Did Priya Pathak Ever Get Her Wallet Back?


'We've had a few technical problems.'
Richard Dedomenici's lecture begins with this declaration. It's not part of the lecture, he's telling the truth. The projector they have set up for the night has a slight focus problem and is distorting the images a little and cutting off the bottom 10% of the projection. It's not a big problem. Probably more disturbing and offputting for him than for the 30 or so of us in the audience.
It's a warm night and we are sitting in Studio 1 of Battersea Arts Centre. I've been trying to catch up with one of Richard's talks for ages and I've finally leveraged some time and am here.
So, technical difficultes aside, he kicks off.

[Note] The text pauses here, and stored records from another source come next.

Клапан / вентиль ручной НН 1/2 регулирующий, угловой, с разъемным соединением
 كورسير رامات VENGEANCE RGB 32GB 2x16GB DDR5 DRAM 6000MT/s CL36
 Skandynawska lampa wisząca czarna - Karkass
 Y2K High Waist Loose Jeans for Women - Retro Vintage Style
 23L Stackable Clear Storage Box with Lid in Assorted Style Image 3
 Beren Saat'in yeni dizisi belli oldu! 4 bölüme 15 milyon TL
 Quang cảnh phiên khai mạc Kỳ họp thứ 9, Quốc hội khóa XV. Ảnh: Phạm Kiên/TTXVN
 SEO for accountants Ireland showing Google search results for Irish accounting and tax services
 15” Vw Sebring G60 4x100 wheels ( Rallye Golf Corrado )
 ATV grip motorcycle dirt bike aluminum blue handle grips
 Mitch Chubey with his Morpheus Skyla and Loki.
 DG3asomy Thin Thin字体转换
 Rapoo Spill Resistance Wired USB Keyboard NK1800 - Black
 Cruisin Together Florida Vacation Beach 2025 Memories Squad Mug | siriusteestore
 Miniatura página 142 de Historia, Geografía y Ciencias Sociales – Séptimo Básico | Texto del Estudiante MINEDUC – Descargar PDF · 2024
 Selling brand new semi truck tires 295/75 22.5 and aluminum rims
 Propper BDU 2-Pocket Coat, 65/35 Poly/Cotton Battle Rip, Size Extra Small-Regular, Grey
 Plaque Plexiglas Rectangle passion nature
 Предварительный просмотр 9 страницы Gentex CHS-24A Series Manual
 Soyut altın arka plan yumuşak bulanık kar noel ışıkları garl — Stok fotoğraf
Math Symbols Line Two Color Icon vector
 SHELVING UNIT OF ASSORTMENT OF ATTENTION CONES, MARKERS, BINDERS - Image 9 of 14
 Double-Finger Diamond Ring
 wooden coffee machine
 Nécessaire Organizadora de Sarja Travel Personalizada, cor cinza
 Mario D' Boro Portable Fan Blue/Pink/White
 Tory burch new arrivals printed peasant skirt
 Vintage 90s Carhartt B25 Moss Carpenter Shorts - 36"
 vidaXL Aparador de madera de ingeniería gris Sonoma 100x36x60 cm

He starts with a funny story about Franko B and giving blood, showing a slide of Franko, and we are all laughing and thinking we know where we are going and then he moves abruptly to that picture of Jean Charles de Menezes lying dead on the floor of the tube train in which he was mistakenly shot. It is extremely shocking. Like being the peach and getting hit with the hammer. I'm not sure he even realised himself quite the effect that was going to have.
His work often sneaks down the small, back alleyway between Mr Bad Taste's house and Mr Unacceptable's garden fence. Like a little urchin rattling a stick along the railings, seeing how long he can get away with things before someone tells him to stop. And he usually is told to stop. And it's usually the police that tell him so.
Thus tonight, the lecture is a look back at some of his many earlier works, in various states of disintegrating video and bad filming, using them as a framework to discuss whether the police, who interrupt and intervene on cue in most of these pieces, are a force for good or bad. Each video segment ends with Thank You The Police or No Thank You The Police.
Despite the quality of some of the filming, the dicky projector, Richard's sometimes slapdash approach and his fast forwarding through sequences, there's some great stuff. There's even some footage, purportedly shot at Greenham Common when the Women's Peace Camp was down there and his mother took him along. It's quite unexpectedly moving. There's also a great piece of film of him wandering round Chicago with a plastic bag over his face and his hands secured behind his back. The allusion to torture is shocking again but I can't help but be caught up in the film itself - the sunshine and the noise and the very real sense of being there... the people and the background to all this work....it's a great archive. It's a history of him...
Anyway, in the end, the No Thanks and the Thanks equal out, but for the question over Priya Pathak's wallet. Richard found it and handed it in to the police. Did she get it back? Maybe one day we'll know. This piece is an attempt to reach out and find her. Maybe you know her?
Once the piece is over I go shake the man's hand. He's done a good piece despite the pressures of the technical stuff. He is quite palpably relieved. I have to go, otherwise I would buy him six trays of drinks. He is taking some deep breaths and I get the picture above.
Already his mind is on tomorrow night's performance.
I wonder: Did Richard Dedomenici Ever Get His Projector To Work Properly?